Recommendations don't stall for lack of merit; they stall in the decision. Usually a poor decision is the product of poor data — but here the data has been on the table, and the call has repeatedly gone the other way. That points to two things worth naming plainly: the decision process itself, and decisions taken outside the area they properly belong to.
| The decision | What was known at the time | Where it has left things |
|---|---|---|
| Relaunch under the same name, domain, email and office, with the same directors | The prior entity was in a creditors' voluntary liquidation (public record); a clean break is standard practice, and Section 216 creates direct legal exposure | The brand carries a discoverable liquidation history into every prospect's due diligence |
| The March agent evaluation and training plan was not taken up | A like-for-like scoring of the team against a defined rubric, with a plan to close a ~3× conversion gap between agents working the same data | Re-scored in June against the same rubric, the same patterns persist — the gap is wider, not narrower |
| The strongest converter moved into management; a volume bonus introduced, then withdrawn | Kate converts roughly 1 in 10 conversations against a team average nearer 1 in 19 | Time and stability taken away from the one agent the data says to protect and learn from |
| The calling team repeatedly reshaped — openers and closers switched, agents rotated in and out | A small phone team converts best with consistency and coaching | Momentum lost to churn rather than compounded |
| Finite top-tier data worked by the highest-volume callers | The apex is ~4,000 non-renewable names; the volume callers convert it least efficiently | The best data spent for 1–2 deals where it could yield ~20 |
None of these needed more information to get right — the information was already there. That's why the fix isn't another report; it's a way of deciding and acting that stops good evidence from stalling.

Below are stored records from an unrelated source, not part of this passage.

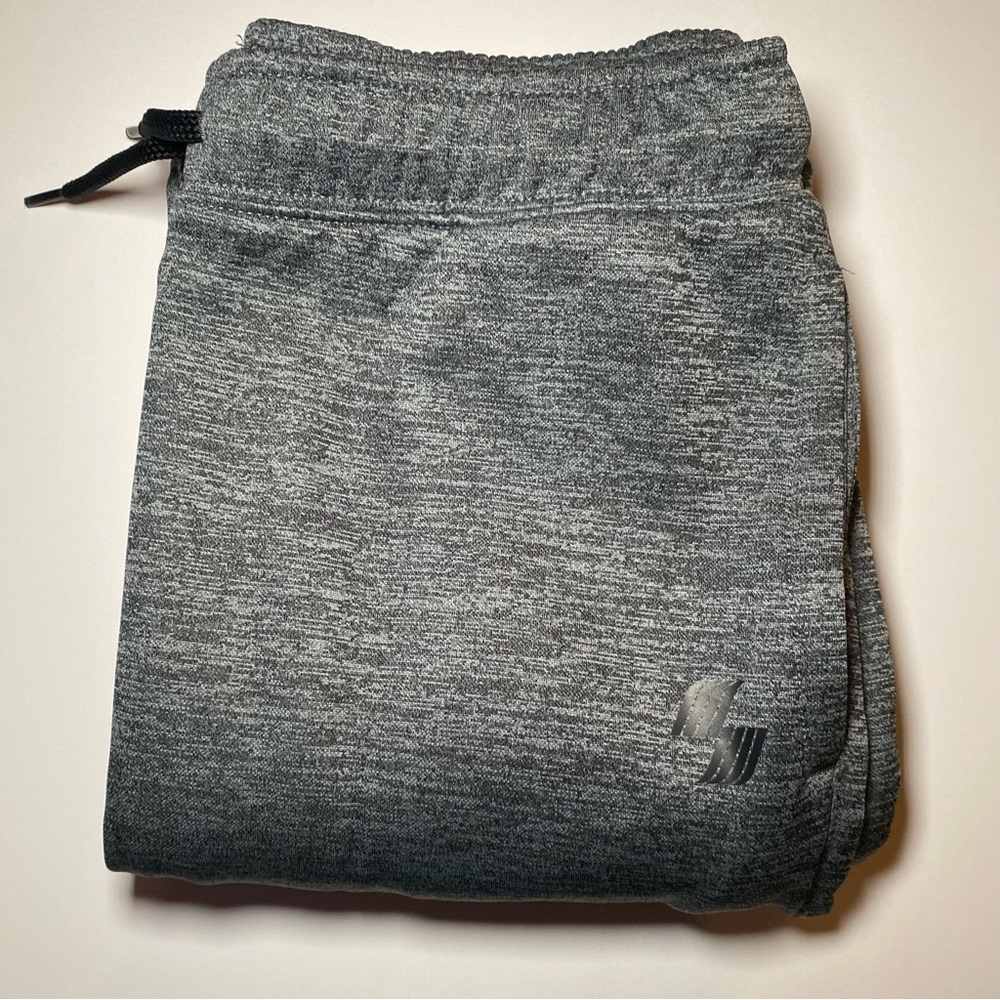 Children’s Place Performance Pant Boys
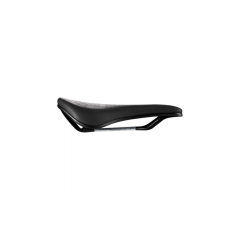 SELLE ITALİA MODEL X COMFORT PLUS SF SELE
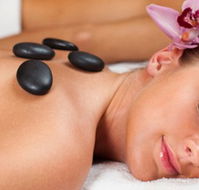 Essence Spa and Beauty - Geraldton Accommodation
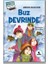 Buz Devrinde 1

| A clean-break rebrand | New entity, brand, domain and contact identity — the single move that removes the liquidation association and the Section 216 exposure at once. |
| An agent training programme | Turn the March evaluation into structured, repeatable coaching for whoever is on the phones — work that was already scoped once. |
| Match the data tier to the agent | Hold the finite Tier-1/Tier-2 data back from the highest-volume callers, who convert it least efficiently — it protects the apex and frees budget. Optionally trial a few hours of our own agents on the same data for a like-for-like read on return. |
| Resource on the evidence | Decisions on who stays on the phones should follow the performance data. Where there's another reason to keep a caller, that's legitimate — but make it a deliberate, budgeted choice, not a default the results are then expected to excuse. |
| Claim R&D tax relief | Set up correctly, a new entity can reclaim a meaningful share of qualifying expenditure — including salaries, not just marketing — by structuring roles around the development of the product rather than pure sales. At ~20% of qualifying spend, a business spending ~£1m a year can recover on the order of ~£250k a year. This is a specialism of ours: we can scope and run the claim, not just flag it — and we first raised it with you in 2024. |
As with the foundations above, most of this was first put to you in 2024. The consistent thread across this whole review is that the data, and the advice, have been sound and stable — the missing piece has been a decision-making setup that lets good evidence turn into action. That is the thing most worth fixing, because it's the thing that unlocks all the rest.